The confluence also marked the first - and proud - stamp of presence of the New Media Literacies research group, one of two engines of Henry Jenkins's Participatory Culture and Learning Lab at USC, of which I am a member. Our mission was laid clear by this pecha-kucha performance: we are here to implement the serious business of pedagogical change. At the same time, the event was for us a cry of appeal to our neighboring clans: our bells must toll together, and they toll, at least in these early stages, for the 3500 or so children from six community schools that share the magical learning space at the RFK-LA campus in Mid-City Los Angeles. Muggles as we may be, our joint determination might just produce the wizardry needed to truly service this real world Hogwarts.

 

Below is a sampling of the peals of bells and buzz of spells produced, performed and perused by the elders and youngsters at this confluential potboiler. A peek into the entire feast is at the end of this papyral roll-call.

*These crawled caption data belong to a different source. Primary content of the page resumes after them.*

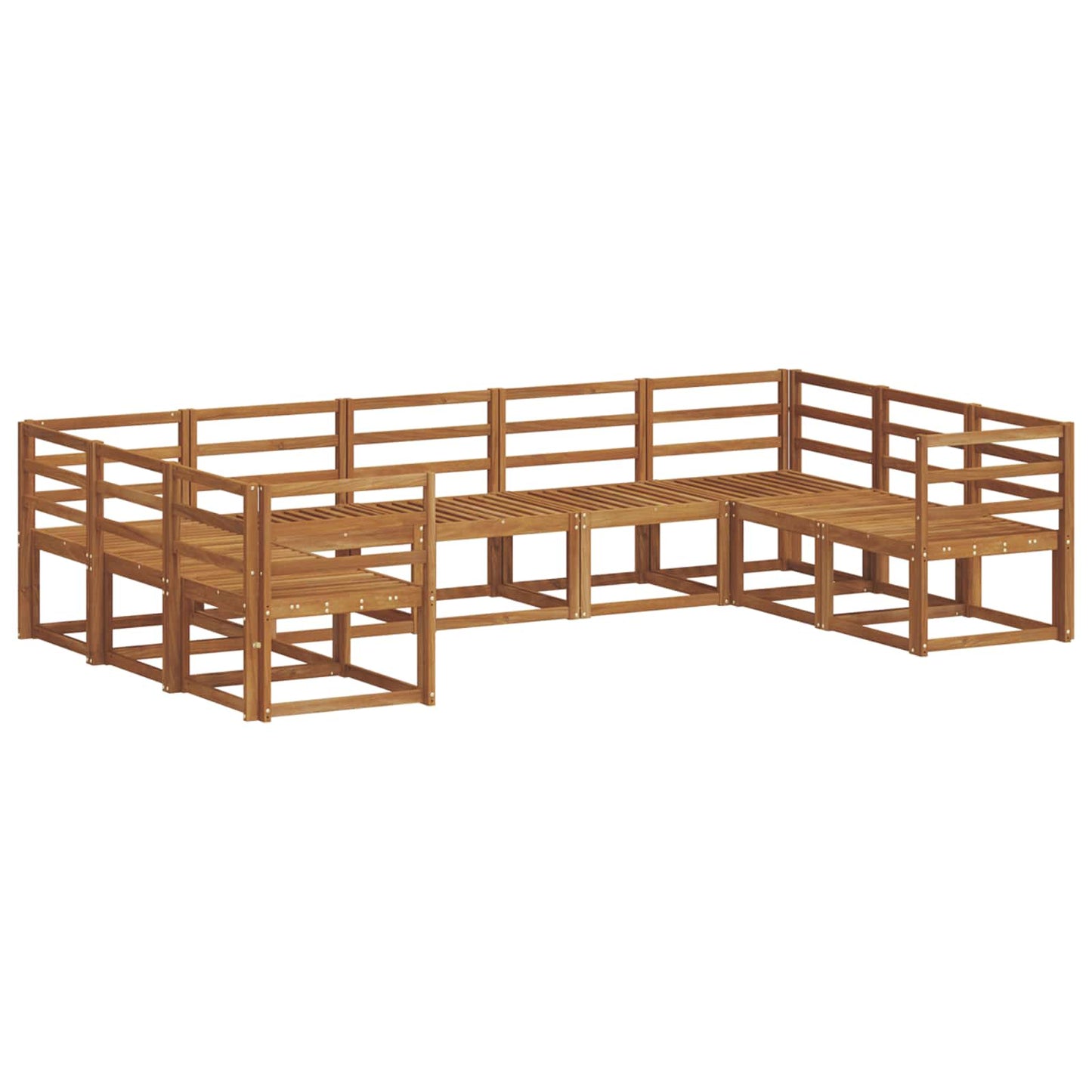 Set di divani da esterno 9 pcs Naturale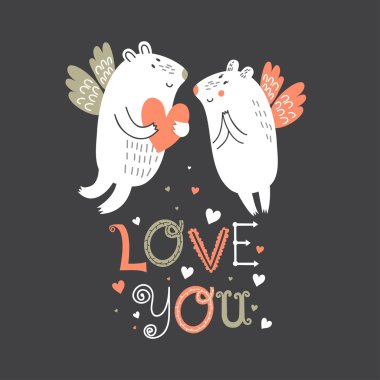 Sevgililer Günü tebrik kartı. 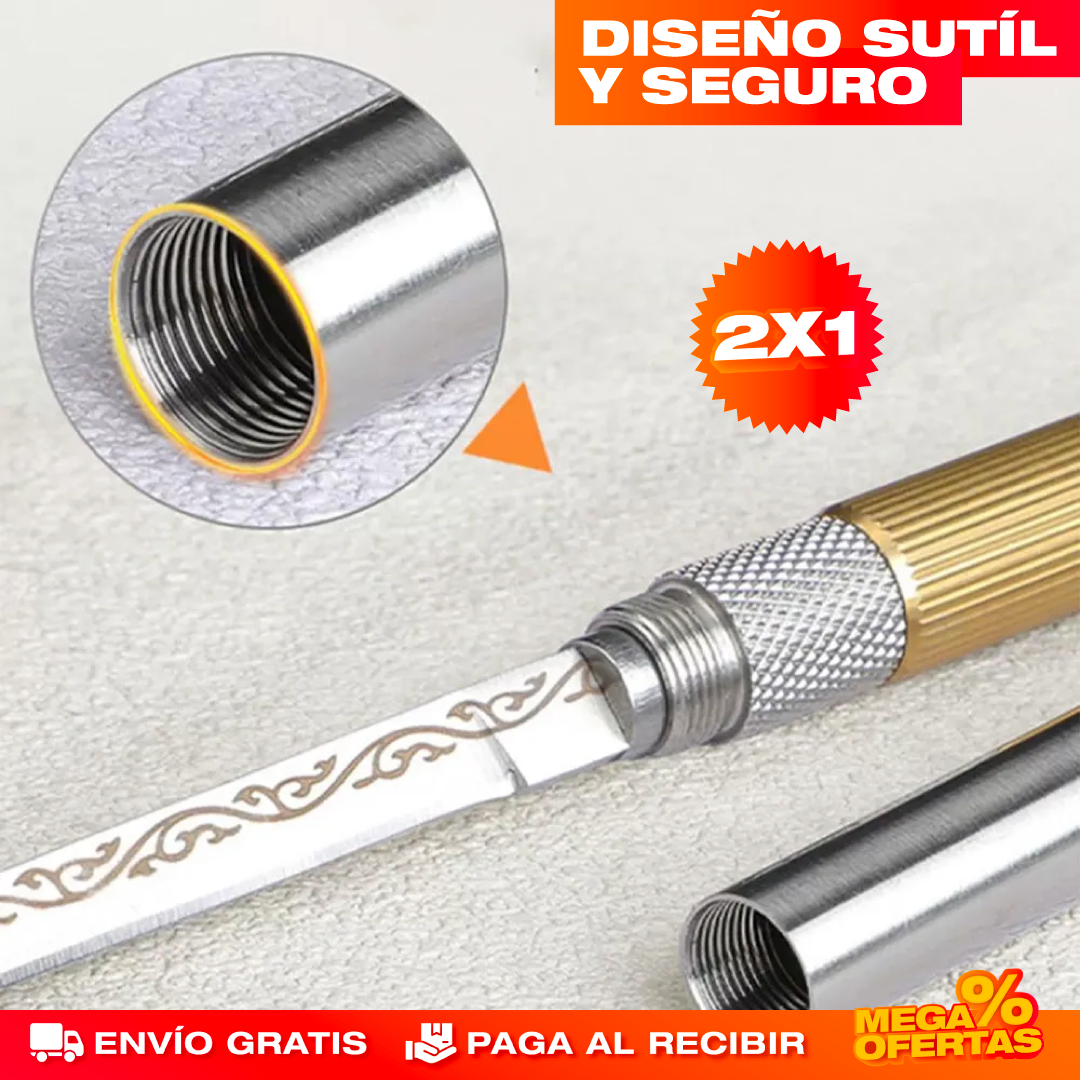 Cuchillo Multiusos de Doble Cabeza – 2 Sets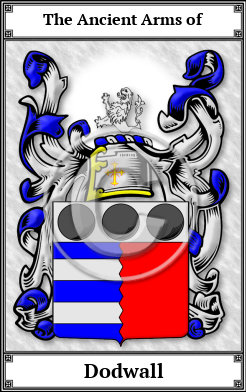 Dodwall Family Crest Download (JPG)  Book Plated - 150 DPI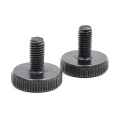 DIN653 Carbon Steel Flat Head Knurled Thumb Screws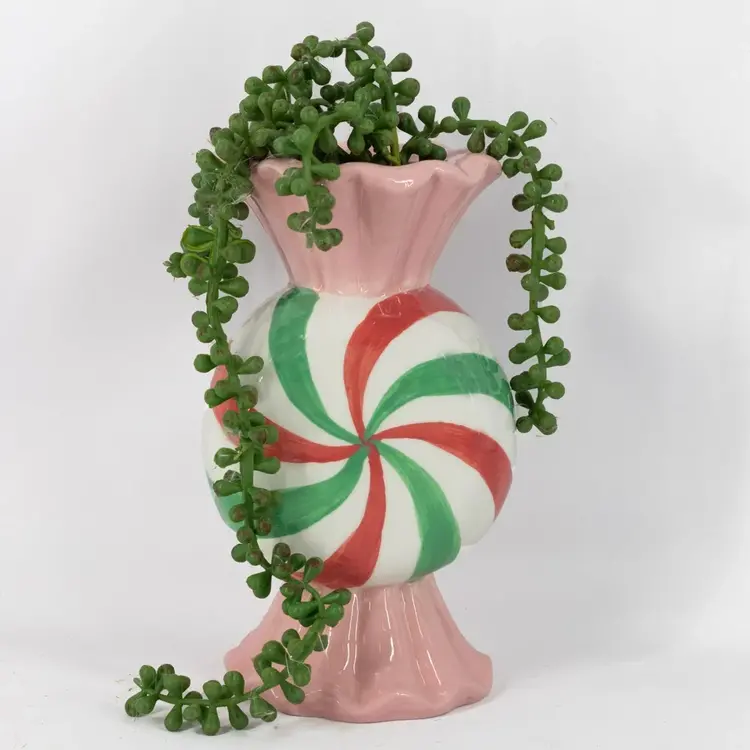 Pottery vase candy
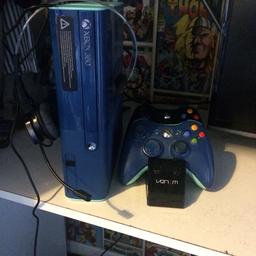 Limited edition blue Xbox 360 with 2 controllers (1 blue & 1 Black) headset (approx 3 weeks old) venom docking station & 20 games including modern warfare 3, minecraft, ghost reacon, grand theft auto v, grand theft auto, London 2012, far cry 3, gears of war 3, call of duty black ops, assassins creed revelations, saints row IV & many more.
Selling due to buying a new console for Xmas.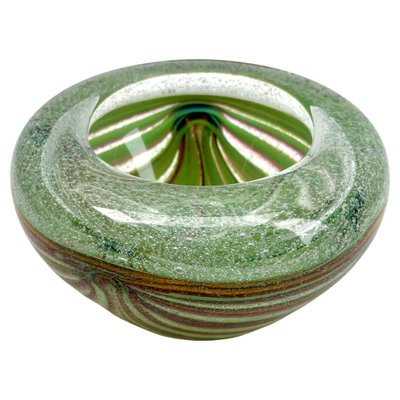 Studio Bubble Glass Bowl by Erwin Eisch for Eich Frauenau Glassworks, 1950s-MJY-1764979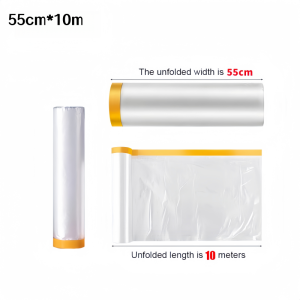 Filem pelindung perabot Furniture Cover Shielding Film Plastik Sarung Waterproof Protective Film Dustproof Masking Film Filem pelindung perabot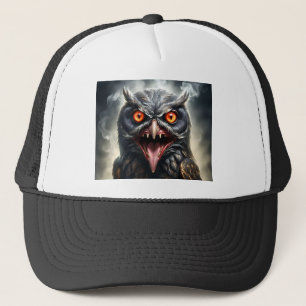 Scary Fanged Vampire Owl, Trucker Hat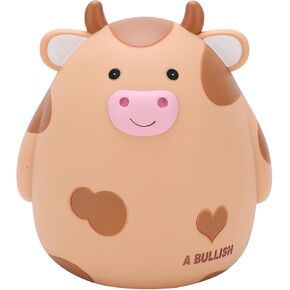 بنك Cow Piggy For Kids ، الأطفال اللطيفون البنوك مصنوع من الأموال غير القابلة للكسر للأطفال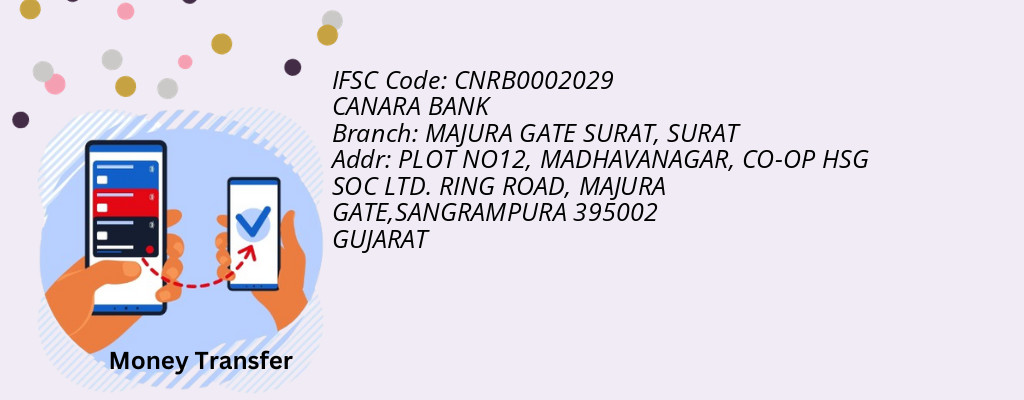 Find CANARA BANK IFSC Code SURAT - MAJURA GATE SURAT Branch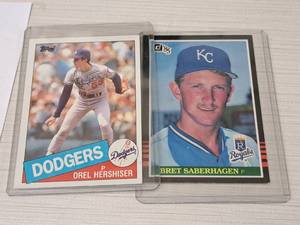 Lot of (2) Topps, Donruss Baseball Collectors Cards (in a sleeve)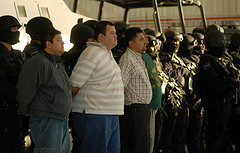 Mexican authorities arrested suspected members of Joaquín "El Chapo" Guzman's cartel in February.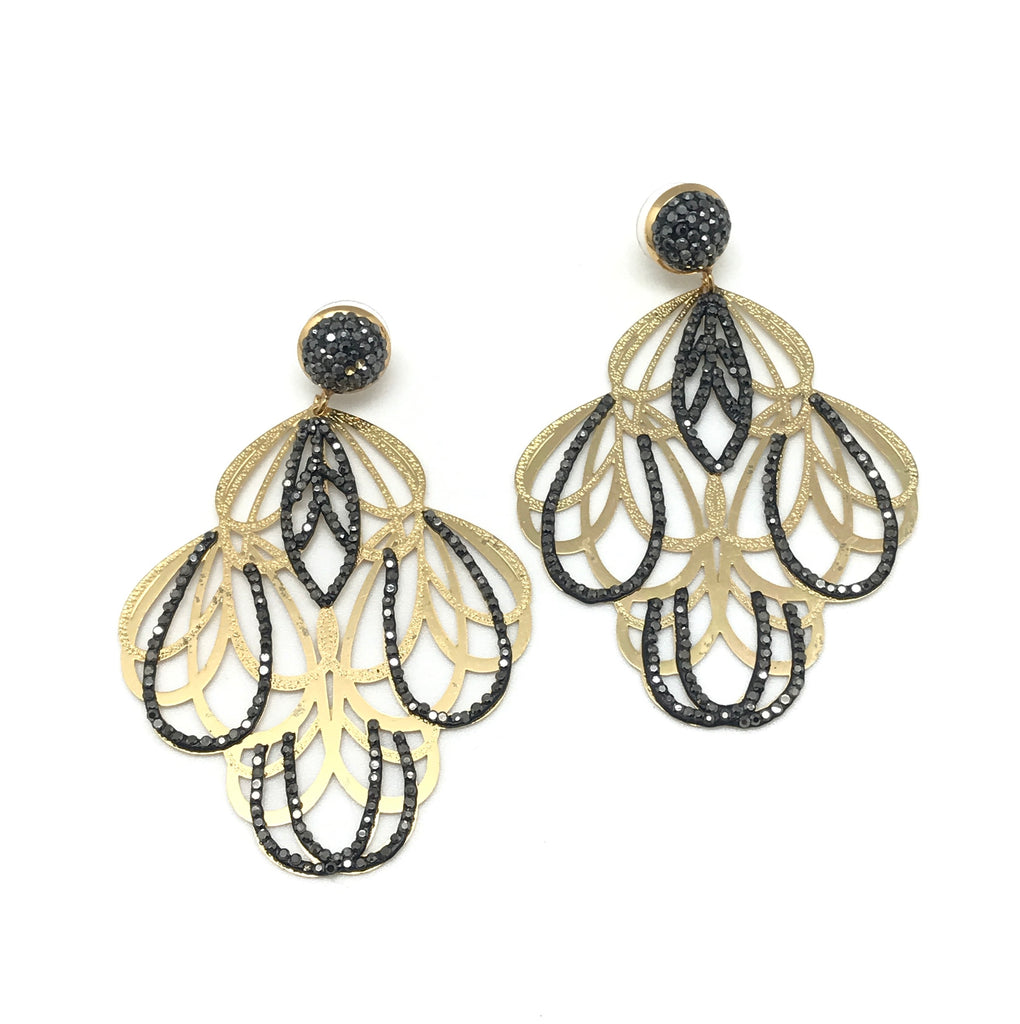 Two Tone Statement Earring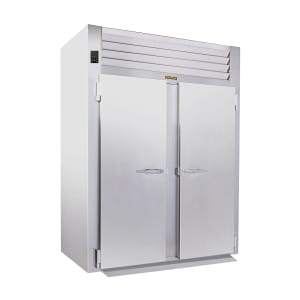 206-RIH232LFHS208 Full Height Insulated Stationary Heated Cabinet w/ (2) Rack Capacity, 208v/1ph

 I. Initiation (& Inspiration) Rites

 

Ernest J. Wilson, Dean, the Annenberg School

 

"(Today) is going to be an exercise in (respectful) listening... a moment of creativity and conversation."

 

 

Monica Garcia, President, Los Angeles Unified School District

 

"I'm just thrilled that we have a school on 23 along acres of Wilshire that has welcomed 3400 students, and that school is a combination of six autonomous schools. In LA-USD, this is a miracle.

 

 

 

"What we want is a 100% graduation. What we want is a 100% literacy at every grade level... My interest here is, we need the best of the best to help us, and we welcome... our community partners to reinvent public education... at the RFK center, where children are waiting for adults to offer them to be a part of the solution...This is very exciting. This is a long, long story about social justice, about leadership, about sacrifice, and about people working together... Our job is to get rid of the barriers."

 

Paul Schrade, one of Robert F. Kennedy's best friends and advisors

 

"(This is) going to be the most important and best memorial for Robert Kennedy and his social justice record and his principles... We've got a great school... Henry, you and your crew can really develop a wonderful program for us."

 

Max Kennedy, son of Robert F. Kennedy and RKF-LA board member.

 

(While standing on his chair):

"We are poised here to make an unbelievable difference... There's a whole bunch of people out there who say we're going to fail, and I know we're not. This group, you're going to have to work harder than you've ever worked....

 

 

...and if you do this, we are going to change the lives of these kids and we're going to change the way public education is handed out in this country. And you look around this room. This is who is going to do it."

 

II. 4-minute Dances of Ideas around the Fire of New Literacy

Fifteen Innovations for After-School and New Curricular Activities

 

Henry Jenkins, Provost's Professor and Principal Investigator of PCL.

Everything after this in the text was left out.